Vilius Lukauskas reads (Head of Global Service Centre Administration)


I don't read books as often as I would like. Nevertheless, I do believe that finding time to sit down and open the book is important to alter our daily pace of constant "scrolling", reading articles and taking in of day-to-day information.

Laurent Gounelle: “God Always Travels Incognito“. This book takes the reader to Paris during the summer time. The author makes the reader to think about what can encourage us to overcome our fears, how to start to love life again and how to discover the meaning of life.


Karolina Adelbergytė reads (Data Scientist)
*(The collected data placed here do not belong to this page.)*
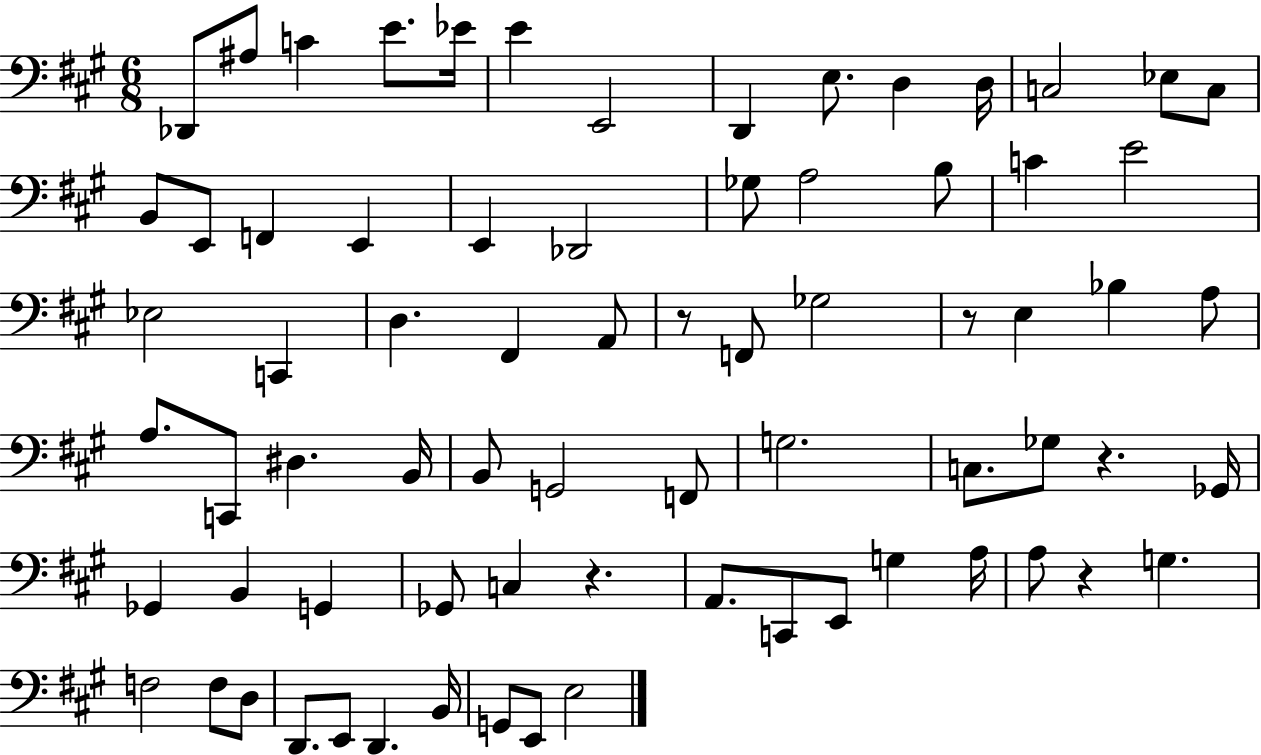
X:1
T:Untitled
M:6/8
L:1/4
K:A
_D,,/2 ^A,/2 C E/2 _E/4 E E,,2 D,, E,/2 D, D,/4 C,2 _E,/2 C,/2 B,,/2 E,,/2 F,, E,, E,, _D,,2 _G,/2 A,2 B,/2 C E2 _E,2 C,, D, ^F,, A,,/2 z/2 F,,/2 _G,2 z/2 E, _B, A,/2 A,/2 C,,/2 ^D, B,,/4 B,,/2 G,,2 F,,/2 G,2 C,/2 _G,/2 z _G,,/4 _G,, B,, G,, _G,,/2 C, z A,,/2 C,,/2 E,,/2 G, A,/4 A,/2 z G, F,2 F,/2 D,/2 D,,/2 E,,/2 D,, B,,/4 G,,/2 E,,/2 E,2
Tom Goodwin: “Digital Darwinism: Survival of the Fittest in the Age of Business Disruption“. In this book the author shares insights into the future of technology, analyses the behaviour of society and presents lessons learned from the past to help understand how business should adapt in the world of technology, as well as what should we value and what is the least important.


Michio Kaku: “The Future of the Mind“. One of the most famous futurists of this time skilfully shows that innovations such as recording of memories, telepathy, filming of dreams, control of thoughts, telekinesis and other recent scientific discoveries will become reality in the near future.


Cal Newport: “Deep Work: Rules for Focused Success in a Distracted World“. This book tells how people in the world of modern technology find it harder to maintain concentration. For those looking for a solution, the author – based on scientific research – presents ways to teach the brain to concentrate again and not give our attention to the devices that distract us.